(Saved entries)
----------------------------------------
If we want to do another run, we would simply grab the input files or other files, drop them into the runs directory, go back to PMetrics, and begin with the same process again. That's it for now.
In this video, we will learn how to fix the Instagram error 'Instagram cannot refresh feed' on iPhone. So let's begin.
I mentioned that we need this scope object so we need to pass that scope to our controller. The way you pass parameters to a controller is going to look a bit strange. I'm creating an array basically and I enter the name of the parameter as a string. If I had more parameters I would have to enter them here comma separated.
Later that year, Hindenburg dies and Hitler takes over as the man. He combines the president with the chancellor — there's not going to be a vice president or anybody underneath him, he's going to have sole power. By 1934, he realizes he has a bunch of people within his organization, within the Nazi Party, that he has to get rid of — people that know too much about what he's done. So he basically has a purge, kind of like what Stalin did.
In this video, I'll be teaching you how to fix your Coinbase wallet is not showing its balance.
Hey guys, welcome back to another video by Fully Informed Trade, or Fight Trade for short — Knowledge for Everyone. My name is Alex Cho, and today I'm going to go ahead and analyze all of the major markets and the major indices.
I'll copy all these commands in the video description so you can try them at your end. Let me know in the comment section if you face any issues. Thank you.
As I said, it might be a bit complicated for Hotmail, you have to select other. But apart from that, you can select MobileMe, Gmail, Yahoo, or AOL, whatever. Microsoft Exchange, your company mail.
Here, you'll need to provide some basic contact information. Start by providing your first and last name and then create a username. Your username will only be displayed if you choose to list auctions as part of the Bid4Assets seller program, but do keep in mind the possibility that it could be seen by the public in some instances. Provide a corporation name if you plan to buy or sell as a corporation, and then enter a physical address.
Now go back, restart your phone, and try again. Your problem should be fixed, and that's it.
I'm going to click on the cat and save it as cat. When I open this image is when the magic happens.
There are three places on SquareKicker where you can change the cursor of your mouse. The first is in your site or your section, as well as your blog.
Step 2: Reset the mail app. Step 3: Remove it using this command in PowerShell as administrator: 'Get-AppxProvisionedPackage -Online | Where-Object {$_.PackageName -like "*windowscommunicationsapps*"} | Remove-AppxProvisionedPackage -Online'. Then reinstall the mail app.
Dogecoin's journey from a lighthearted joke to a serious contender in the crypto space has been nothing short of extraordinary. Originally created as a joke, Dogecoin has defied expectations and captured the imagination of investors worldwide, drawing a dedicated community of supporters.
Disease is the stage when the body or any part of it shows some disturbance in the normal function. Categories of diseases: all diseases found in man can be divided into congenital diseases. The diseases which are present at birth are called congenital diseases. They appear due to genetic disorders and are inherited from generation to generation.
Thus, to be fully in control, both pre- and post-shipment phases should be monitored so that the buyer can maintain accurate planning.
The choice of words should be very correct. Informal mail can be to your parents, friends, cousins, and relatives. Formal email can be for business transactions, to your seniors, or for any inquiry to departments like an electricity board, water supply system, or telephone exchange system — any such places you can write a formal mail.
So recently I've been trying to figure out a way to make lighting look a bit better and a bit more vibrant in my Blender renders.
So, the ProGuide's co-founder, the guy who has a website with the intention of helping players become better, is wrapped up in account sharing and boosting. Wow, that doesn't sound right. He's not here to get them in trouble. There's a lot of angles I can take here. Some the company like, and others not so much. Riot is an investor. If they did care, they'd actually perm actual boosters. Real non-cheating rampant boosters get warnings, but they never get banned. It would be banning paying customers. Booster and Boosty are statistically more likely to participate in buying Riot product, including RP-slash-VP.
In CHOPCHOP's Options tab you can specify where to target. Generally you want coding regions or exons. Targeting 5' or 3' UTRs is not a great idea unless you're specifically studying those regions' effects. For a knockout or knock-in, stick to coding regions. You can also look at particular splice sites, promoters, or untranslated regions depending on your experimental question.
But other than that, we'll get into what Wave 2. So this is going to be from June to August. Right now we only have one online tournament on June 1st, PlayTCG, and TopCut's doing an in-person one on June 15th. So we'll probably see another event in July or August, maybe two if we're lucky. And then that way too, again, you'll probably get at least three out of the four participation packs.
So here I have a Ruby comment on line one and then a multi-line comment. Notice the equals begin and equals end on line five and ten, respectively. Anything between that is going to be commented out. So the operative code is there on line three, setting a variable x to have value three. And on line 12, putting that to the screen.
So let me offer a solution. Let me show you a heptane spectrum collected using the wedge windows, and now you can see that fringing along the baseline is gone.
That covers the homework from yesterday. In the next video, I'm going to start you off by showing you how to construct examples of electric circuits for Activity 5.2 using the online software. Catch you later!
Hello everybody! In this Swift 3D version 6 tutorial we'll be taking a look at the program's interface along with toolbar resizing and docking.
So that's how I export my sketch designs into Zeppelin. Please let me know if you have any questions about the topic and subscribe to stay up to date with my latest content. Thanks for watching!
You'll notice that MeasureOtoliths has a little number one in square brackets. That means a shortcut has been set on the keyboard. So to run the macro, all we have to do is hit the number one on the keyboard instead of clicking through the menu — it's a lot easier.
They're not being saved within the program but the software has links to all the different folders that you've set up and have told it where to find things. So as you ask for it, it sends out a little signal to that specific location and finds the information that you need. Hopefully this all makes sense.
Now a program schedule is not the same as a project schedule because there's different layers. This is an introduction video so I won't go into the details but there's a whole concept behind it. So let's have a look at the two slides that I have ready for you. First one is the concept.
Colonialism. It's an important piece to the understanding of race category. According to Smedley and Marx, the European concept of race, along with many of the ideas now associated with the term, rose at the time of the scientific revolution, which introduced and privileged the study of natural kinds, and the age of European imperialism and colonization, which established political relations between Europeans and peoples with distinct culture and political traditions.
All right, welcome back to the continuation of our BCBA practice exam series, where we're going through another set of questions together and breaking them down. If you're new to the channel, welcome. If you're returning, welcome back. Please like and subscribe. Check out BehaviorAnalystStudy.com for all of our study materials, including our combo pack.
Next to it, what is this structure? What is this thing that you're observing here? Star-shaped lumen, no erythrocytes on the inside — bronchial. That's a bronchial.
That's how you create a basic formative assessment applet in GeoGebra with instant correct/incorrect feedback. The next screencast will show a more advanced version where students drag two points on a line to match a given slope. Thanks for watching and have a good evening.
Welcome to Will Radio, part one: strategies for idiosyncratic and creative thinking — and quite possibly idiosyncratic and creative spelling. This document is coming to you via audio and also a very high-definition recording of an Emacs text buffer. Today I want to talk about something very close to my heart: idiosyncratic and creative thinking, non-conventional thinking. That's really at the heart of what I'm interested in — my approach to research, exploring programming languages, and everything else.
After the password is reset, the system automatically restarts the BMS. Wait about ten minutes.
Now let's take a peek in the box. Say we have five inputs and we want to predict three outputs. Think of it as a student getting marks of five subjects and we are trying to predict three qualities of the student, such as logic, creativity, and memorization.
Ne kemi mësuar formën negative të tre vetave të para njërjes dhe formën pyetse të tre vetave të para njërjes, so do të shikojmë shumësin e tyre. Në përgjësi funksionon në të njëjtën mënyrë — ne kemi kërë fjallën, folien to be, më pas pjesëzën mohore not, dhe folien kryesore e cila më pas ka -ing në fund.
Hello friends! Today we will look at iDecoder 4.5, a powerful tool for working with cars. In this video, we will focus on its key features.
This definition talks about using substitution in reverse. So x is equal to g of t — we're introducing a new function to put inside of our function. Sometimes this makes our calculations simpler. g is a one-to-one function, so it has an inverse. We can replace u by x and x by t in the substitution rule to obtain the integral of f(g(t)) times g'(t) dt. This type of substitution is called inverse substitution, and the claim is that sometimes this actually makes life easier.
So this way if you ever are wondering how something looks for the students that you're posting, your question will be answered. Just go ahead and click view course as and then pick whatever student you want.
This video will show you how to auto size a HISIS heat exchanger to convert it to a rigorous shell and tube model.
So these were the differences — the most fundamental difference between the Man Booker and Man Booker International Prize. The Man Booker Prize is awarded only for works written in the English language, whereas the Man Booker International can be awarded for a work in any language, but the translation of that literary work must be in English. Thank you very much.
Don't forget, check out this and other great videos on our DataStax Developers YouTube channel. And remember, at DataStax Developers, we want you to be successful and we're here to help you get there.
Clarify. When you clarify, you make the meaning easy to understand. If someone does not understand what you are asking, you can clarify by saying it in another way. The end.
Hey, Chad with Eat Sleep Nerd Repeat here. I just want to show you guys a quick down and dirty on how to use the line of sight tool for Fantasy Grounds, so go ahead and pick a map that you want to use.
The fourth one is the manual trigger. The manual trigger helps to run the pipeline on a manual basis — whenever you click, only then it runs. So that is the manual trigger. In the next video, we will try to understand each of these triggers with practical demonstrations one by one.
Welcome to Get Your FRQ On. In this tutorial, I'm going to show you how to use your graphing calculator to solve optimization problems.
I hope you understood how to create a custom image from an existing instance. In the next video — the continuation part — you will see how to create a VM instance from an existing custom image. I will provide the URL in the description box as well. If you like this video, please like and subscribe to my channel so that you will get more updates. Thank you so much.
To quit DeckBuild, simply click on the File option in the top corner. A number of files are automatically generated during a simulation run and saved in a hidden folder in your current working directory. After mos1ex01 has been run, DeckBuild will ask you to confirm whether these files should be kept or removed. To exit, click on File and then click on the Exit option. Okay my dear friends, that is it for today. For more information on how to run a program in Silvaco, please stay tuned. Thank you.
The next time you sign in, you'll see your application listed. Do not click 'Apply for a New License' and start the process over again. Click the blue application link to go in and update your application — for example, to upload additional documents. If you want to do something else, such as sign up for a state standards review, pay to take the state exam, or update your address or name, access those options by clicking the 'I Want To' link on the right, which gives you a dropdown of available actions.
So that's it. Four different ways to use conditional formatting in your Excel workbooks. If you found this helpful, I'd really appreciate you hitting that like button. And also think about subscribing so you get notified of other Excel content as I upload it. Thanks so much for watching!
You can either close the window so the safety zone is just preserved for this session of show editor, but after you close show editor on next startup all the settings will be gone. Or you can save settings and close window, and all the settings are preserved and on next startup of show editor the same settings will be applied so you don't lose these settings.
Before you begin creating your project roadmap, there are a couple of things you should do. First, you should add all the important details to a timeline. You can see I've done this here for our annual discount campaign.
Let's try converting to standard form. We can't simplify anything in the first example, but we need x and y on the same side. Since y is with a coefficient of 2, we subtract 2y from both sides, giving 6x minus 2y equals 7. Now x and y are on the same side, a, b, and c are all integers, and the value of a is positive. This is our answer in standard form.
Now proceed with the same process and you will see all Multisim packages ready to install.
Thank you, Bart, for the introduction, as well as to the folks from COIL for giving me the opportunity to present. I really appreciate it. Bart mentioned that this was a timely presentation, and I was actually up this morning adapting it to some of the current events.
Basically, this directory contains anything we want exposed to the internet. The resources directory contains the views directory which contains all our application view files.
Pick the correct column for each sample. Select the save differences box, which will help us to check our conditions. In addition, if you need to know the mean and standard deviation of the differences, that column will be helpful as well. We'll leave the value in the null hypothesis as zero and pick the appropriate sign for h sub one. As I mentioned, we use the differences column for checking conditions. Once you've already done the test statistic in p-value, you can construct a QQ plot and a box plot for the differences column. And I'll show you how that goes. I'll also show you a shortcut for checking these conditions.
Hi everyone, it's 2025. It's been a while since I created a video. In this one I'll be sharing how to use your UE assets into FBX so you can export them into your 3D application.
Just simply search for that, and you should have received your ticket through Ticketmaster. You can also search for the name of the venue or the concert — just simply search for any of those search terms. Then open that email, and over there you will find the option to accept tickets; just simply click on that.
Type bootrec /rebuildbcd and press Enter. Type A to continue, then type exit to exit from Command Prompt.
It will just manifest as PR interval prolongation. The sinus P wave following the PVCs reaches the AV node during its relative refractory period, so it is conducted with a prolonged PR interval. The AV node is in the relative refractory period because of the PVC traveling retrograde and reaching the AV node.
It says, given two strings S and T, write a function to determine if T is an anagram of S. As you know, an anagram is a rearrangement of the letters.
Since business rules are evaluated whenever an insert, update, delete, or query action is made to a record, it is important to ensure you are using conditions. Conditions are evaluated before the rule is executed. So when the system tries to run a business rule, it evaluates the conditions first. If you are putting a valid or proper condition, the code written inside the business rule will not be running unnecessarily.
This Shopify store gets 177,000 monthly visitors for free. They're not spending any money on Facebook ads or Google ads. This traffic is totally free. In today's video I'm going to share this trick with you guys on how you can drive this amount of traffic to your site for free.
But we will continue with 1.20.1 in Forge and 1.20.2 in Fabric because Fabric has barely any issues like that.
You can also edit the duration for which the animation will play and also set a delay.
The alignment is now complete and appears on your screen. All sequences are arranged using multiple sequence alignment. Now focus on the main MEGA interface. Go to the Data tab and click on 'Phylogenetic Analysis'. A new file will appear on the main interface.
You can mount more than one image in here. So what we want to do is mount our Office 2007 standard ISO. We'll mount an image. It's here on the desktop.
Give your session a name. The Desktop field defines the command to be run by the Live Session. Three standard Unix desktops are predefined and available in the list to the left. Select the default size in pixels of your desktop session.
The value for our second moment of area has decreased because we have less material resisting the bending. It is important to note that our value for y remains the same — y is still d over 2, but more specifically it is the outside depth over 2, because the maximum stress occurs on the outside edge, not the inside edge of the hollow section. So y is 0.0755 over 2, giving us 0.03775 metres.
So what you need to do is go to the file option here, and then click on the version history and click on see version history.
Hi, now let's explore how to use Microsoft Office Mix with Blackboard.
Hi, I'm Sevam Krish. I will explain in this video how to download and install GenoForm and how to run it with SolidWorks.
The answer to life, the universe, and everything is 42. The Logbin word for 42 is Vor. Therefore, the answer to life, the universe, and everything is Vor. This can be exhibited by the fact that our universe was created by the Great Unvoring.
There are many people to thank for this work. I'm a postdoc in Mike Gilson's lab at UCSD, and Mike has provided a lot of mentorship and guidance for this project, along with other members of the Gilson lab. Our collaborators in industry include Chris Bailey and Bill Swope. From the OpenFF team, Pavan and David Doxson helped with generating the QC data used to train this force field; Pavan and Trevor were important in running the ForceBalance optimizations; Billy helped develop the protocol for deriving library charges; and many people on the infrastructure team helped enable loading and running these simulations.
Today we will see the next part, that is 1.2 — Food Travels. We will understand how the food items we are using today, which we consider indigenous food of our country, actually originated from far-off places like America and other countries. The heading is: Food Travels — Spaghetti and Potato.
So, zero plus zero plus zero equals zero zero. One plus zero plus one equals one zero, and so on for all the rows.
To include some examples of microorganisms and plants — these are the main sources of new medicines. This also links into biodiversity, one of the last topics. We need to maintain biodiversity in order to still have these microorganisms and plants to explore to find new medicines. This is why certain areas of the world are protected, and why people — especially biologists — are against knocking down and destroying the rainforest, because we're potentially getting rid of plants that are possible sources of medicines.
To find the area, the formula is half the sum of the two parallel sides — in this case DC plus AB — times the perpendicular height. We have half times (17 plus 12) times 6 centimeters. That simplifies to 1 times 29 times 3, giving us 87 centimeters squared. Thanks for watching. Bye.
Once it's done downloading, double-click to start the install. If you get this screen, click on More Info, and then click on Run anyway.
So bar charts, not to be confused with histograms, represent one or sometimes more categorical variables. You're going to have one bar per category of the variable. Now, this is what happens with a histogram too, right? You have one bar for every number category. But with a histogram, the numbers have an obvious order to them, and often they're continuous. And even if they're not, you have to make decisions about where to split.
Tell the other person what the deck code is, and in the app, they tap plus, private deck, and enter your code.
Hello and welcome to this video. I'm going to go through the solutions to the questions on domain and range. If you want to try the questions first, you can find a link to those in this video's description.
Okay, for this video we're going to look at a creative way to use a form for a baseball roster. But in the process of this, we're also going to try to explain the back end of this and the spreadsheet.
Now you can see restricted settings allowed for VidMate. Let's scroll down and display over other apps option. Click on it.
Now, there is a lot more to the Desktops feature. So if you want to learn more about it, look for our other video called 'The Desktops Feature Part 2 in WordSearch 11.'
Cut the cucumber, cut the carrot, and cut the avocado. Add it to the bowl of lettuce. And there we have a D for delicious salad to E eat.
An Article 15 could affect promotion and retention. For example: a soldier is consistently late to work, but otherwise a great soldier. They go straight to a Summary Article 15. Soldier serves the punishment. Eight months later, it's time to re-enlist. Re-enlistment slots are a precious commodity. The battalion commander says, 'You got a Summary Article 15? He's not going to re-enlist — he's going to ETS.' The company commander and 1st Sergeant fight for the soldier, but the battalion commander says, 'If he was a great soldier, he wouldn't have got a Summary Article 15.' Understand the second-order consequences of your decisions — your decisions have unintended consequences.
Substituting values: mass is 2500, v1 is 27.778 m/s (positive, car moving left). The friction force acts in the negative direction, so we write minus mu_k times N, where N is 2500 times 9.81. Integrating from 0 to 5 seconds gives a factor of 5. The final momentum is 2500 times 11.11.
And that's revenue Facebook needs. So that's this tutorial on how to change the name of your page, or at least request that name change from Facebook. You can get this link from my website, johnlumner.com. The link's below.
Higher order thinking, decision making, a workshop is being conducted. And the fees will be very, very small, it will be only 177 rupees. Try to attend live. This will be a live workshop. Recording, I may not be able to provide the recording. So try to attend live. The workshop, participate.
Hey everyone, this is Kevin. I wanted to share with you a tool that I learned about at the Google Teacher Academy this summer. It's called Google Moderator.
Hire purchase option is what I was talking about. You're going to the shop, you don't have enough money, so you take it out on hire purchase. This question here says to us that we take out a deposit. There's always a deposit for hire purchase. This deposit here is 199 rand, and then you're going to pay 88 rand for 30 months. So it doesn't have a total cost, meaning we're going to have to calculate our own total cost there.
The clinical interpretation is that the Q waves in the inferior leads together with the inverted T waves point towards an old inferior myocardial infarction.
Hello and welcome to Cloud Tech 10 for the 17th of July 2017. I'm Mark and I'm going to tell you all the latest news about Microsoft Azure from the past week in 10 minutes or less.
----------------------------------------
Assigned task
Give the count of lines in the entries above that hold the word "Office", with no other words.

Task output
2